◆ **Prompt**
Give back each entry unchanged, minus pictures.

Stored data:
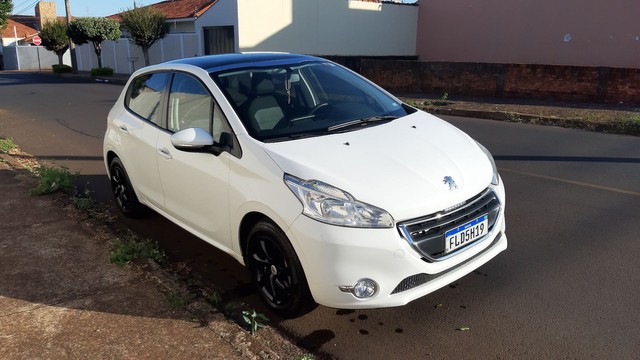PEUGEOT 208 1.5 ALLURE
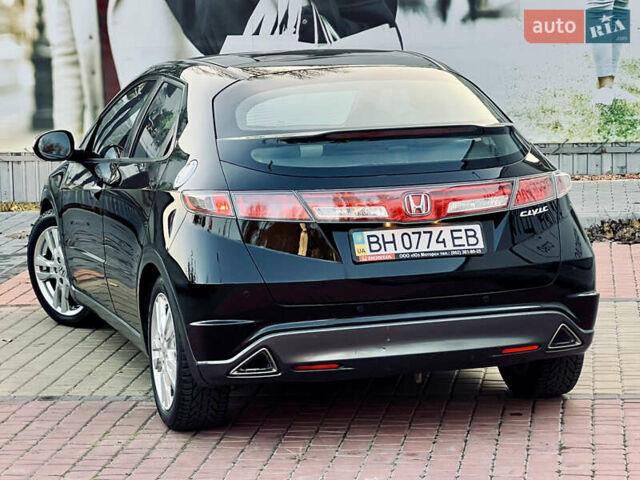 Чорний Хонда Сівік, об'ємом двигуна 1.8 л та пробігом 115 тис. км за 8700 $, фото 14 на Automoto.ua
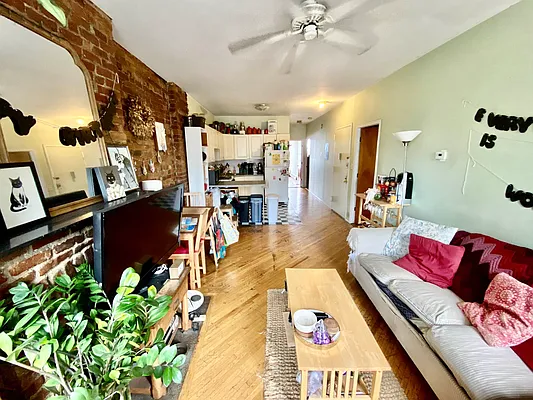 Rented by Realty Nerd | media 3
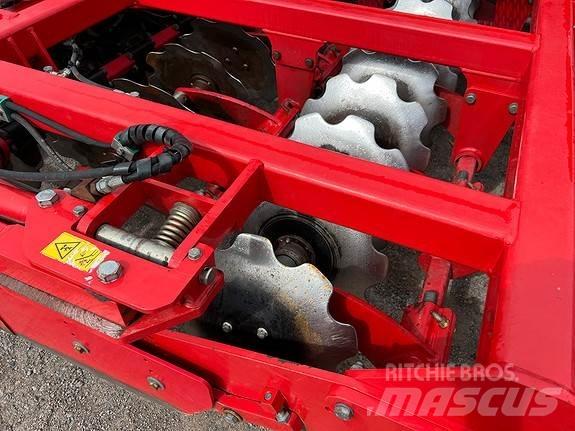 Horsch Pronto 6 DC 肥料撒布機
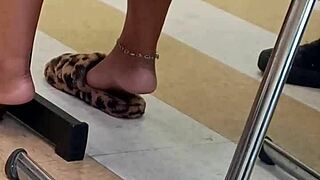 catch these ebony lightskin feet in candid moments 😍👣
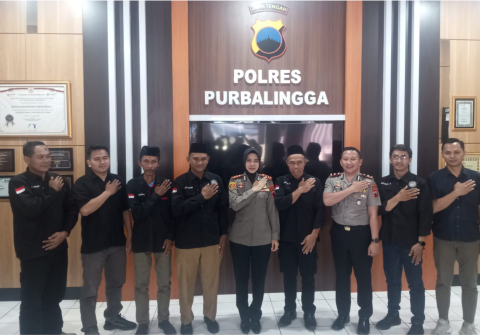 Pengurus Pengurus Cabang Persaudaraan Setia Hati Terate (PSHT) Kabupaten Purbalingga usai beraudensi dengan Kapolres Purbalingga AKBP Anita Indah Setyaningrum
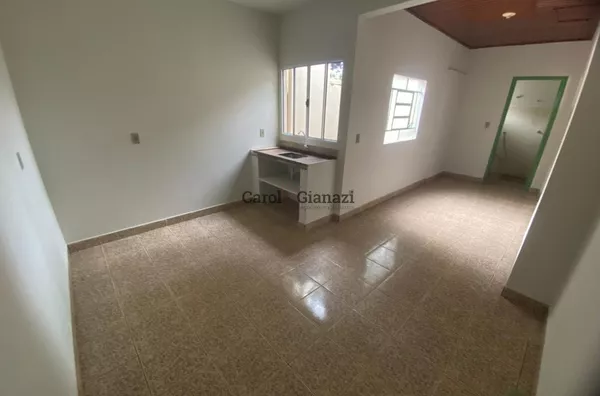 CA2848-Casa para locação na Vila Tenis Clube em Assis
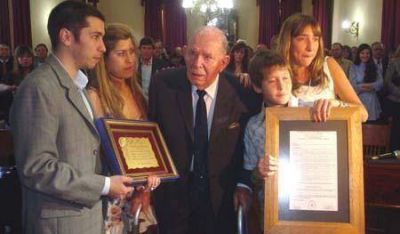 Un premio merecido  Juan �Nino� Cestari Ciudadano Ilustre de Col�n
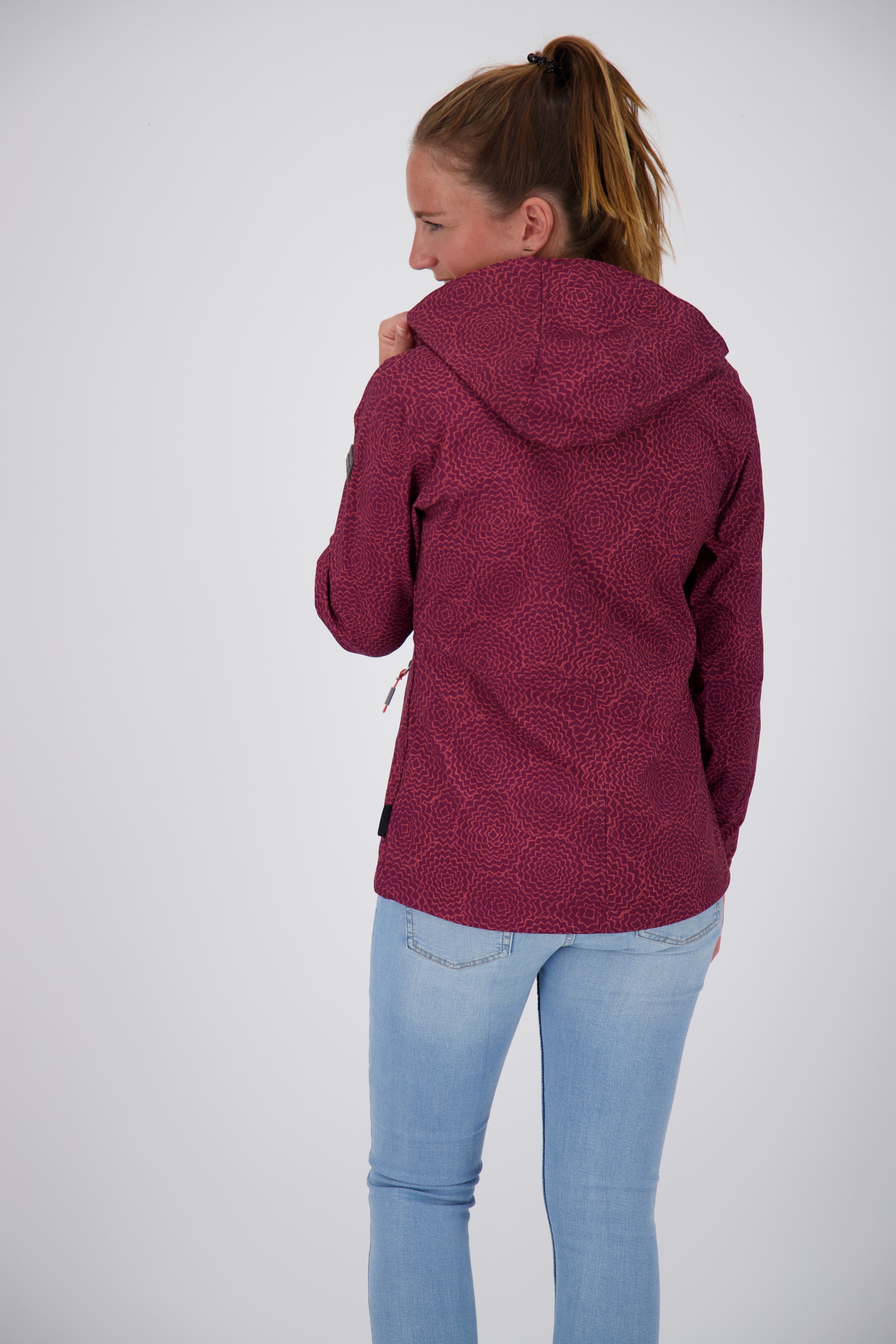 Thumbnail - LPO Softshelljacke "SHELBY PEAK II", leichte Softshelljacke mit All-Over-Print und abnehmbarer Kapuze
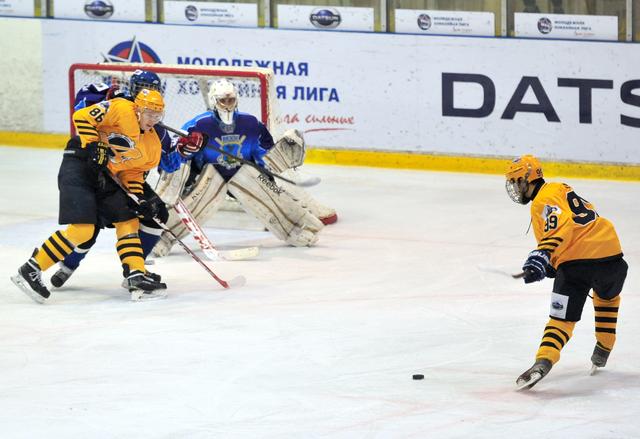 Хоккейная команда «Белгород» вернулась на десятое место Молодёжной лиги Б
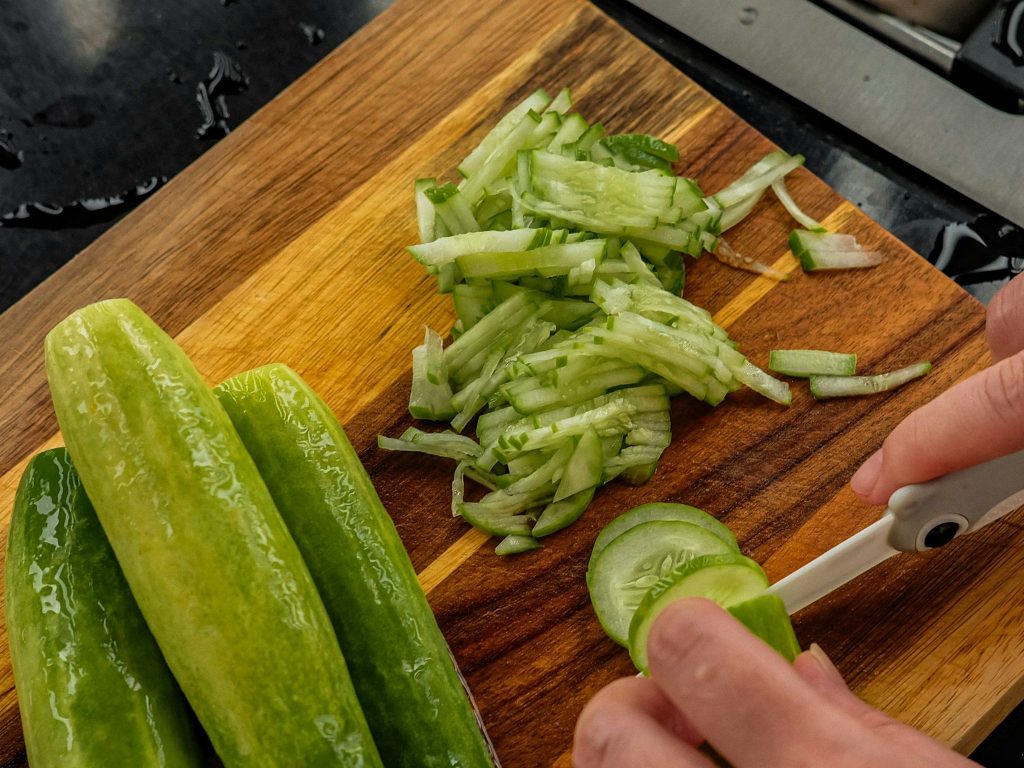 Detoks Alami dengan Mentimun Setelah Konsumsi Makanan Bersantan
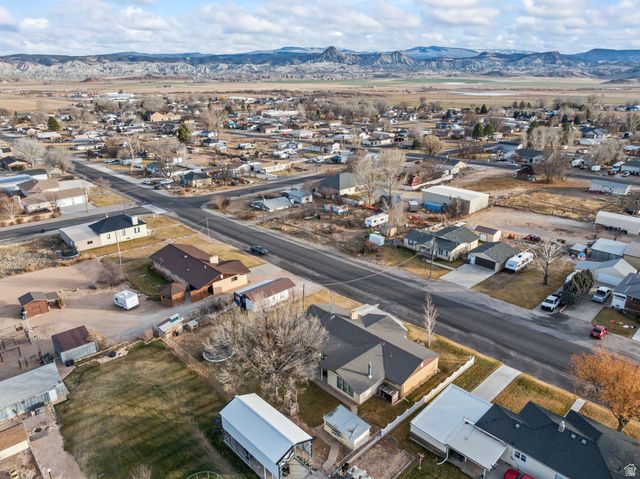 376 W 200 N, Aurora, UT 84620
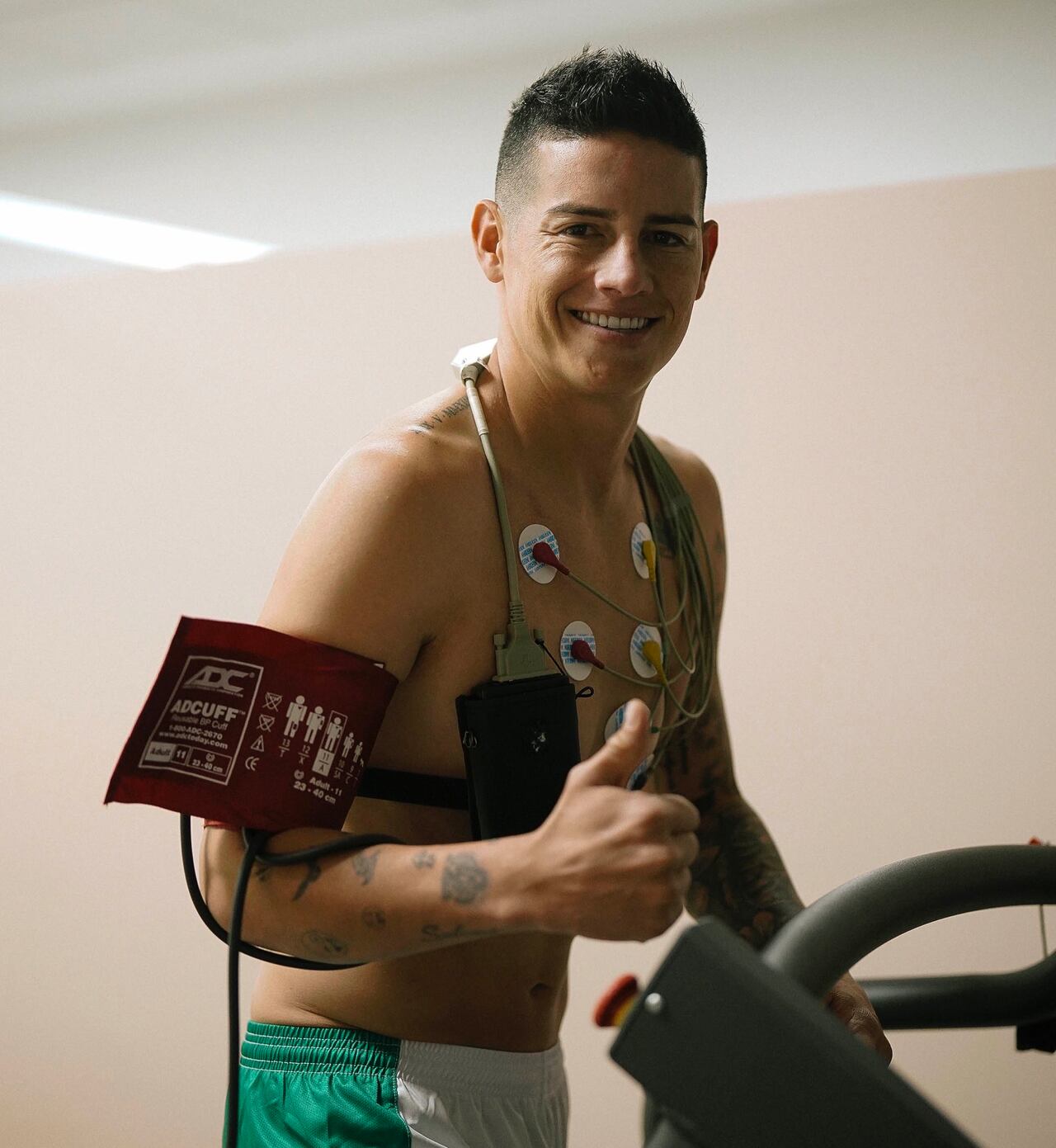 James Rodríguez haciendo sus pruebas físicas con el Club León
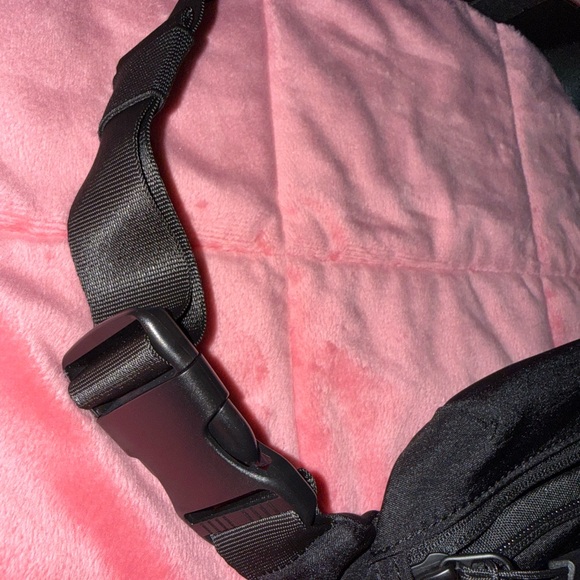 Black Sling Bag - Fanny Pack - Picture 7 of 11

◆ **Reply**
PEUGEOT 208 1.5 ALLURE
 Чорний Хонда Сівік, об'ємом двигуна 1.8 л та пробігом 115 тис. км за 8700 $, фото 14 на Automoto.ua
 Rented by Realty Nerd | media 3
 Horsch Pronto 6 DC 肥料撒布機
 catch these ebony lightskin feet in candid moments 😍👣
 Pengurus Pengurus Cabang Persaudaraan Setia Hati Terate (PSHT) Kabupaten Purbalingga usai beraudensi dengan Kapolres Purbalingga AKBP Anita Indah Setyaningrum
 CA2848-Casa para locação na Vila Tenis Clube em Assis
 Un premio merecido  Juan �Nino� Cestari Ciudadano Ilustre de Col�n
 Thumbnail - LPO Softshelljacke "SHELBY PEAK II", leichte Softshelljacke mit All-Over-Print und abnehmbarer Kapuze
 Хоккейная команда «Белгород» вернулась на десятое место Молодёжной лиги Б
 Detoks Alami dengan Mentimun Setelah Konsumsi Makanan Bersantan
 376 W 200 N, Aurora, UT 84620
 James Rodríguez haciendo sus pruebas físicas con el Club León
 Black Sling Bag - Fanny Pack - Picture 7 of 11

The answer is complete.